(Work item) Restate the whole listing below word for word and keep the images out.

(Data)
════════════════════
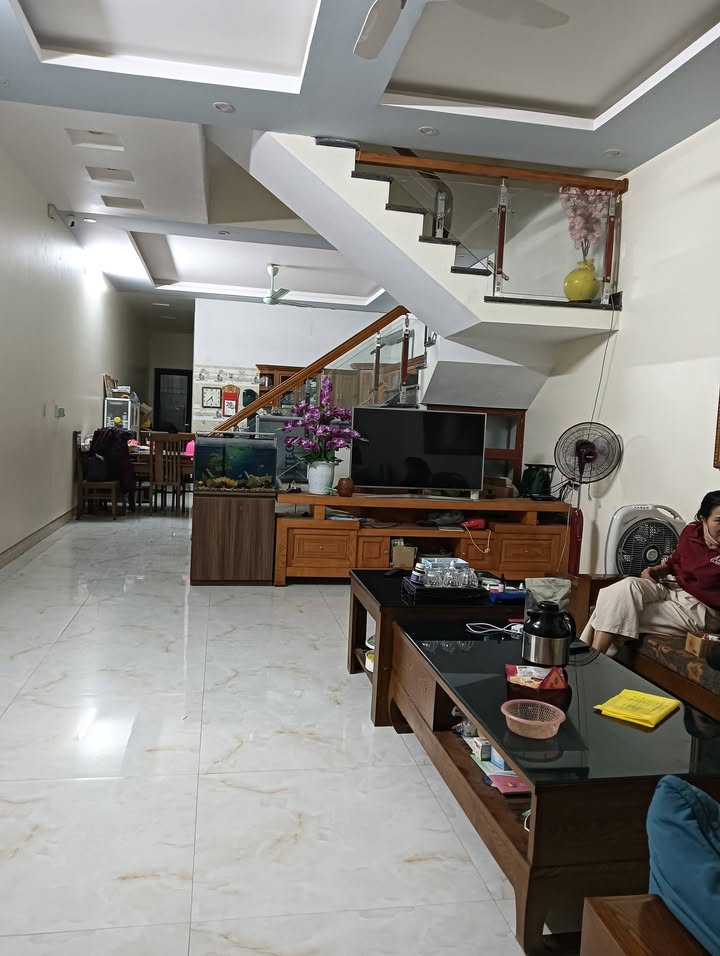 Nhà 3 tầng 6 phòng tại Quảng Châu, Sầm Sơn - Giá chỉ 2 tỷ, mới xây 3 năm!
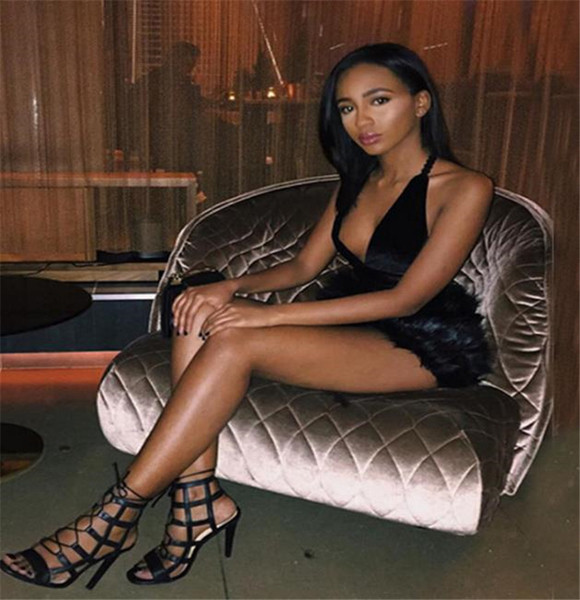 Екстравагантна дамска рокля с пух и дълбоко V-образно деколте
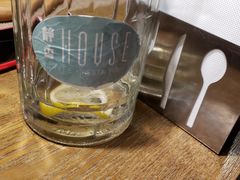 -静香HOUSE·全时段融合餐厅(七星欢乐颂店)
════════════════════
(Solved problem)
 Nhà 3 tầng 6 phòng tại Quảng Châu, Sầm Sơn - Giá chỉ 2 tỷ, mới xây 3 năm!
 Екстравагантна дамска рокля с пух и дълбоко V-образно деколте
 -静香HOUSE·全时段融合餐厅(七星欢乐颂店)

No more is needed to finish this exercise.